# [What you have to do]
Among the entries below, only the lines starting at the one with "2018 Land Rover" and ending at the one with "Recherche de swirls invitations Blanc", both included, are to be printed exactly.

┄┄┄┄┄┄┄┄┄┄

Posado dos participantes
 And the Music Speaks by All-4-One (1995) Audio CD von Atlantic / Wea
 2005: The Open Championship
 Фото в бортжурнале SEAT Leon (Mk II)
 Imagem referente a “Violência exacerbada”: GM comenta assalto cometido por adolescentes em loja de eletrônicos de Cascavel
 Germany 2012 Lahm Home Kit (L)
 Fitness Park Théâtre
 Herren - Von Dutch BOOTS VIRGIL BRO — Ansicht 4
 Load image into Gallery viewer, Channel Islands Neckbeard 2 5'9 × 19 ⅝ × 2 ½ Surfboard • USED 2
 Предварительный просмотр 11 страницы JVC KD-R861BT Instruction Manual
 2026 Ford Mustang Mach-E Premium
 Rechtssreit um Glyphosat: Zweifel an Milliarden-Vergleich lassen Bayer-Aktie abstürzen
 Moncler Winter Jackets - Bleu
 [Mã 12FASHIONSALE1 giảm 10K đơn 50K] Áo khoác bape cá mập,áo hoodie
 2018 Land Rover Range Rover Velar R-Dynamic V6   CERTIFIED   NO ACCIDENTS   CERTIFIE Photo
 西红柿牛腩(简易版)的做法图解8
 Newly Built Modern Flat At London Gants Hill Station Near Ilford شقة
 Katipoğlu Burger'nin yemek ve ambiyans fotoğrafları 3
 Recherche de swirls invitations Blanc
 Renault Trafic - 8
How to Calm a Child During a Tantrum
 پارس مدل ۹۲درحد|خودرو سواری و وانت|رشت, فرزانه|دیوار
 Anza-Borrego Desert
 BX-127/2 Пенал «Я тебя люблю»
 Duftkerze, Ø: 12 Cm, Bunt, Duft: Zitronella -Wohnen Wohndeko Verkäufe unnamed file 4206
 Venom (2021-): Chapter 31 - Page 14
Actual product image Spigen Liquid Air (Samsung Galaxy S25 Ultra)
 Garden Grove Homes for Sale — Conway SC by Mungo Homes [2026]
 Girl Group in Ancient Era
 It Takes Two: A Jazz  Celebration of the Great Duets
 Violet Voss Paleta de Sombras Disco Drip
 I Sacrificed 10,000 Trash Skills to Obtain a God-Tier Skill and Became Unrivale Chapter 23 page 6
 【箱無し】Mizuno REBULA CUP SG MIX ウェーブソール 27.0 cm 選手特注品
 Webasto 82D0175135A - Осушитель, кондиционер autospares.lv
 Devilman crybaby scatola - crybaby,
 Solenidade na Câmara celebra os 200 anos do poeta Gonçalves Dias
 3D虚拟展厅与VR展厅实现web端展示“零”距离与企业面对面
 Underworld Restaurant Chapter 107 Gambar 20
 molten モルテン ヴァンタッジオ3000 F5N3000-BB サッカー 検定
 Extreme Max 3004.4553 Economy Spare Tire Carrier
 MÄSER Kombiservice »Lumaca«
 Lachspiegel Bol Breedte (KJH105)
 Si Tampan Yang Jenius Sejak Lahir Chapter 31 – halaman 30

┄┄┄┄┄┄┄┄┄┄

# [Finished task]
 2018 Land Rover Range Rover Velar R-Dynamic V6   CERTIFIED   NO ACCIDENTS   CERTIFIE Photo
 西红柿牛腩(简易版)的做法图解8
 Newly Built Modern Flat At London Gants Hill Station Near Ilford شقة
 Katipoğlu Burger'nin yemek ve ambiyans fotoğrafları 3
 Recherche de swirls invitations Blanc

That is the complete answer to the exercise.